Görülmektedir ki, bilirkişilik, yargının başvurduğu bağımsız, tarafsız ve objektif olduğuna inanılan bir müessese olmaktan çıkmış olup,tamamen yargılamanın seyrinin bağlı olduğu tek aşama olarak gözükmektedir. Bilirkişiden gelen rapor neticesinde maç sonucu bellidir. 

6754 Sayılı Bilirkişilik Kanununun 14 maddesinde bilirkişilerin denetim ve incelenmesi hakkında kanun hükümleri mevcuttur.

Bilirkişiler, görevleriyle ilgili tutum ve davranışlarının veya hazırladıkları raporların ilgili mevzuata uygunluğu bakımından bölge kurulları tarafından resen veya başvuru üzerine denetlenir.

Bölge kurullarının yetkili olduğu denetim ve inceleme mekanizmasının aslında ciddi bir şekilde çalışmadığı, çalışsa bile anılan kanun hükmü gereği  "Bölge kurulları, bilirkişi raporlarını özel veya teknik bilgi yönünden denetleyemez." hükmünden dolayı bilirkişi raporlarını incelerken bölge kurulları yargı mercilerinden yahut kamu kurum ve kuruluşlarından bilgi ve belge istemesi gerekiyor. Buda yargılama aşaması devam ederken başka bir uzantıda devam eden bağımsız bir şikayet sürecini oluşturuyor. Söz konusu davayı esastan etkileyebilen bilirkişi raporuna karşı denetim ve inceleme netice itibari ile oldukça pasif ve hafif kalmış bulunuyor.

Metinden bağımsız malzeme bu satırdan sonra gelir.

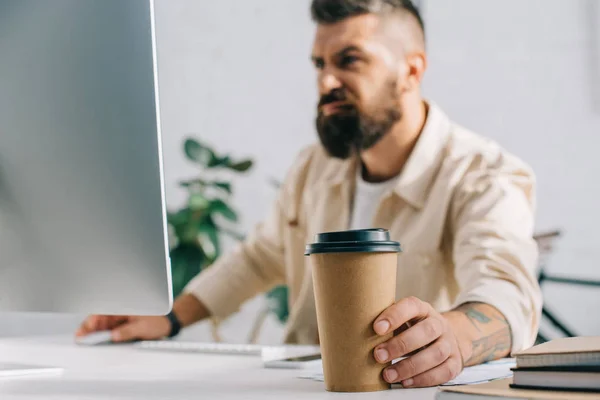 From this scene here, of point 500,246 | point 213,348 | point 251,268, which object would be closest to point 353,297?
point 213,348

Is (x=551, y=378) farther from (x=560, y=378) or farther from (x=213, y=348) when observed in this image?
(x=213, y=348)

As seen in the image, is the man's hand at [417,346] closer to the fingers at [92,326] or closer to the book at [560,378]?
the book at [560,378]

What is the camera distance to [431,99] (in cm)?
260

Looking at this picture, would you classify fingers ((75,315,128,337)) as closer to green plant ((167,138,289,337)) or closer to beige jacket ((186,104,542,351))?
beige jacket ((186,104,542,351))

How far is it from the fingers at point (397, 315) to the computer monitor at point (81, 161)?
0.26m

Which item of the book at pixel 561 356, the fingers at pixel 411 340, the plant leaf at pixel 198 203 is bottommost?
the plant leaf at pixel 198 203

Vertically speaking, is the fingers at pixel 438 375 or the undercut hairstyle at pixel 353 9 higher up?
the undercut hairstyle at pixel 353 9

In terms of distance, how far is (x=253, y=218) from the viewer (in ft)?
9.58

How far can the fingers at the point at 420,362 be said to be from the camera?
2.16ft

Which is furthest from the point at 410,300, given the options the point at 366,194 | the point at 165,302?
the point at 366,194

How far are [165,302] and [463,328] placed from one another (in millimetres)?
405

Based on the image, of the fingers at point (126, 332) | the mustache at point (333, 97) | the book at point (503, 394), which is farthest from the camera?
the mustache at point (333, 97)

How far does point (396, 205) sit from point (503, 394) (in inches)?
49.0

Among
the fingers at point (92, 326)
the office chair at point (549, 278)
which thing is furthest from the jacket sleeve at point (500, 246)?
A: the office chair at point (549, 278) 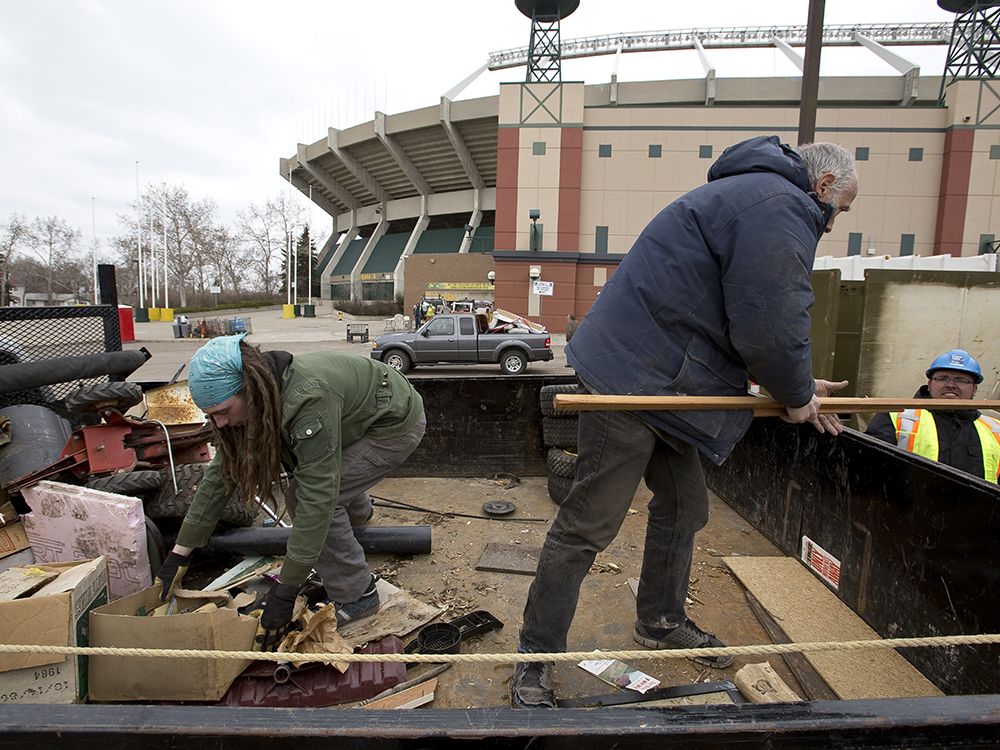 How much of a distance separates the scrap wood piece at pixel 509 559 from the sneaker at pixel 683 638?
0.76 meters

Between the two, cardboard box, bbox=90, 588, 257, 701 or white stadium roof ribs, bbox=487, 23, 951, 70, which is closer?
cardboard box, bbox=90, 588, 257, 701

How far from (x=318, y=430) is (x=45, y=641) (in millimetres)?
1076

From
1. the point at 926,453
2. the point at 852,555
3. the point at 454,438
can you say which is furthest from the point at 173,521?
the point at 926,453

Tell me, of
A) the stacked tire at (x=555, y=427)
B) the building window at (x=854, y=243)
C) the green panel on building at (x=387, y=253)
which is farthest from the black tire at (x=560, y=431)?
the green panel on building at (x=387, y=253)

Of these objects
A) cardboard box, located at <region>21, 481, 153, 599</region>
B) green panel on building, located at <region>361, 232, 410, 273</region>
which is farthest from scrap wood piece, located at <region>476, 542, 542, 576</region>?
green panel on building, located at <region>361, 232, 410, 273</region>

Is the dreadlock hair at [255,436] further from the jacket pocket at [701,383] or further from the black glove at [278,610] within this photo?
the jacket pocket at [701,383]

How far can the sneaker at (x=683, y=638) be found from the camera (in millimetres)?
2344

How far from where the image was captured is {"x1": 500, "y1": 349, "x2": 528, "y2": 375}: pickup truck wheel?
1500cm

Sonuç olarak,hakimlerin ve bilirkişilerin görevlerini yerine getirirken hukuka ve adalete saygılı olarak kendi görev alanlarını iyi ayırt edebilmeleri ve de bağımsızlıklarını koruyabilmeleri esastır.

Bilirkişilerin ciddi bir şekilde denetlenmesi ve raporlarının incelenmesi gerekir. Hakimlerin bilirkişilere başvurmadan önce uyuşmazlık hakkında değerlendirme yapmaları, eğer ki konusu uzmanlığı gerektiren bir husus söz konusu olur ise bilirkişi kurumuna ozaman başvurması gerektiğini bilmeleri gerekiyor. Aksi halde hakimlerin bağımsızlığından şüphe edilmesi olasıdır.

Yargılama aşamasında büyük bir role sahip olan bilirkişilik makamının ciddi bir şekilde denetlenip gözetilmesi ve aynı zamanda hakimlerinde minimum ölçüde bilirkişilere başvurmaları gerekmektedir. Aksi halde ilerleyen hukuk sürecinde yargı mensuplarının pasif kalmasına alışılması kaçınılmaz olacaktır.